Run GeoXplore Neural Network Module

Much of the documentation found in this section is also available from GeoXplore.pdf, the guide to GeoXplore.exe

Guidance Notes

DataXplore and GeoXplore are very similar in that both provide a Fuzzy Neural Network and the Radial Basis Function Neural Network (RBFLN). GeoXplore was created to fix the known bugs in the DataXplore neural networks. As often happens, the research on these two neural networks has proceeded since DataXplore was written; consequently the results from these two neural networks in GeoXplore are slightly different. So DataXplore and GeoXplore are both provided. DataXplore, however, still has the known bugs discussed in the Guidance Notes for DataXplore.

When Fuzzy Clustering is a Good Method: When the classes form groups that fit inside circles of a fixed radius, then fuzzy clustering is an excellent method that is somewhat robust by being immune to outliers. However, in some cases the classes may be elongated in shape or a shape that curves like a crescent or other irregular object. In this case it is better to cluster the feature vectors into many small circular clusters of which each will be a subclass of a class of feature vectors. In such cases it is often simpler to use the RBFLN or the PNN.  
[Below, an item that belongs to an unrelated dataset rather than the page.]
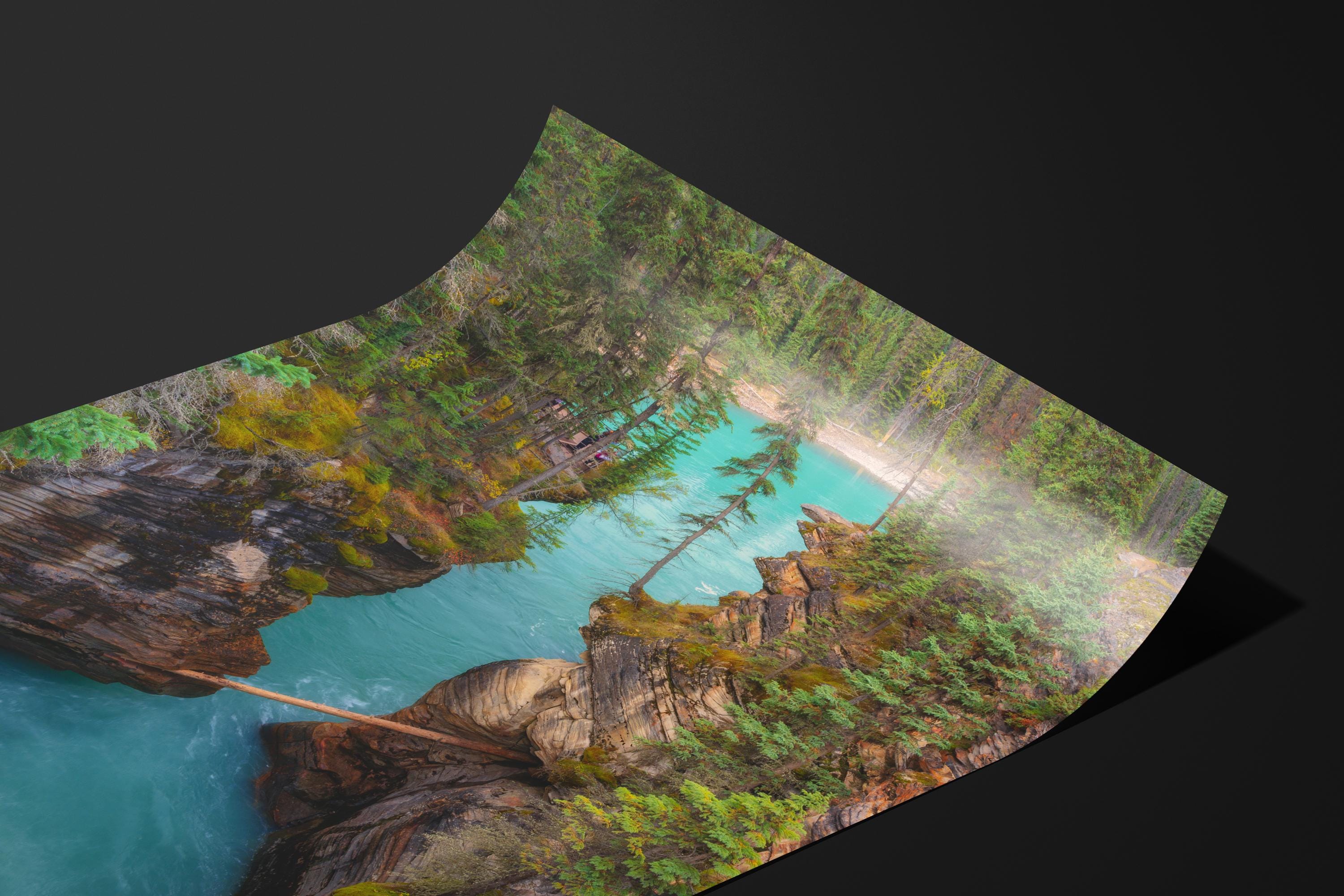 Turquoise River Gorge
RBFLN and PNN: Both the Radial Basis Function Neural Network (RBFLN) and Probabilistic Neural Network (PNN) have limitations dictated by memory size of the computer. For training, it is best to have smaller training sets. Therefore the maximum training set is limited to 300 evidence layers represented by 1000 training points. For the training, if two training points have the same unique conditions, one point is eliminated. The default is to eliminate the one with the lesser fuzzy membership. If no fuzzy membership of training points is provided then the duplicate "Not Deposits" points are eliminated. For classification, the maximum number of unique conditions is set to 200,000. For very large unique conditions it is often useful to increase the initial number of RBFLN. The maximum number is set to 1000.
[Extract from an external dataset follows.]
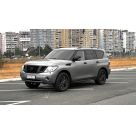 Подножки Nissan Patrol Y62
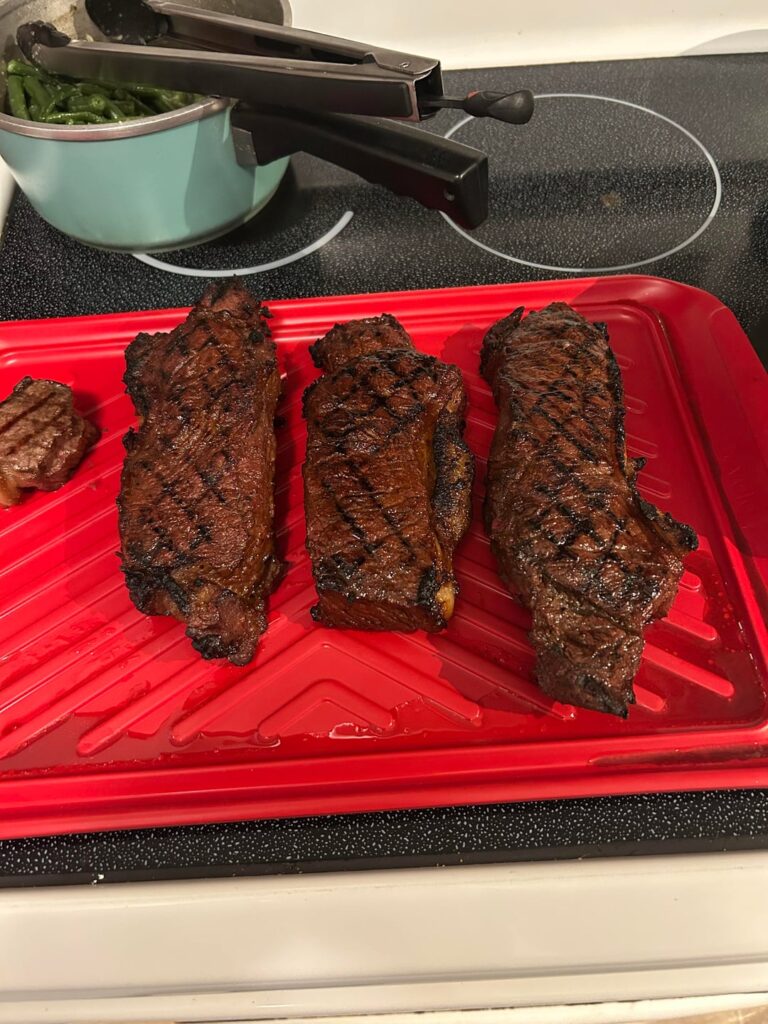 Costco NY Strip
In order to use the neural network tools it is necessary to have two training sets, a Deposits and "Not Deposits" training points. Theoretically, we do not need the "Nots"  for the PNN. We use only the training vectors with higher fuzzy beliefs (above the threshold of say, 0.5 or 0.55). From these we build a probability density function, which we are using as a fuzzy set membership function (because the value of a probability density function at a single point doesn't tell us much, but a fuzzy set membership function tells us the fuzzy truth that the point, or vector, is in the class of interest). Further testing of this issue is required, but it does appear that when a PNN is to be used, the "Nots" can be a single, exemplar point to allow Set Analysis parameters to complete. Similarly a few "Deposit" points are better than many poor ones. There is much to be learned about how to best define fuzzy memberships for the training sites.
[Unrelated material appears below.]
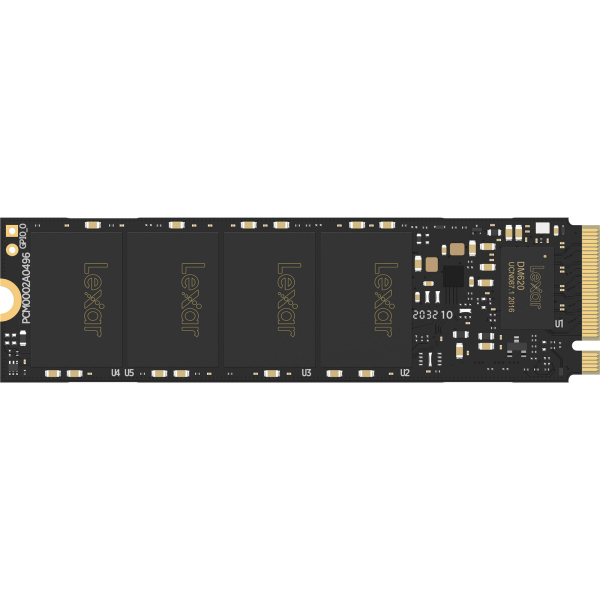 Lexar NM620 512GB M.2 2280 PCIe NVMe SSD 5YR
Symbolization: There appears to be some scaling-issues in how the fuzzy-membership output from the RBFLN and PNN are scaled between 0 and 1. It appears that optimal symbolization of the results are obtained using the Quantile method for symbolization. Because there are generally a large number of unique conditions, a larger number of quantiles are useful as a starting point for symbolizatino.

Abbreviations used in the table below are as follows: RBFLN - Radial Basis Function Link Net and PNN - Probabilistic Neural Net

File naming convention Definitions
sdmuc1_train.dta Neural network training input file. Used by RBFLN and PNN. Default name generated by Generate Neural Network Inputs.
sdmuc1_class.dta Neural network classification file. Used by PNN, RBFLN and Fuzzy Neural Network Default name generated by Generate Neural Network Inputs.
sdmuc1_train.par Training parameters derived by the RBFLN from training on sdmuc1_train.dta. Suggested name for user to give to the RBFLN training output from the neural network module..
sdmuc1_class.rbn Classification results derived by the RBFLN classification of sdmuc1_class.dta using the training parameters in sdmuc1_train.par. Suggested name for user to give to the RBFLN classification results output from  the neural network module. This file will be the input for the next step in ArcSDM, Read the Results from the Neural Network Module.
sdmuc1_train.prb Training parameters derived by the PNN from training on sdmuc1_train.dta. Suggested name for user to give to the PNN training output from the neural network module..
sdmuc1_class.pnn Classification results derived by the PNN classification of sdmuc1_class.dta using the training parameters in sdmuc1_train.prb. Suggested name for user to give to the PNN classification results output from  the neural network module. This file will be the input for the next step in ArcSDM, Read the Results from the Neural Network Module.
sdmuc1_class.cen Centers of the clusters found by the Fuzzy Neural network in the so called "Training" set using sdmuc1_class.dta as the input. Suggested name for user to give to the RBFLN training output from  the neural network module.
sdmuc1_class.fuz Classification results derived by the Fuzzy Neural Network classification of sdmuc1_class.dta using the clusters centers stored in sdmuc1_class.cen. Suggested name for user to give to the RBFLN training output from  the neural network module. This file will be the input for the next step in ArcSDM, Read the Results from the Neural Network Module.

To run GeoXplore

Select 'Run Neural Network Module: GeoXplore.' from the ArcSDM3 menu.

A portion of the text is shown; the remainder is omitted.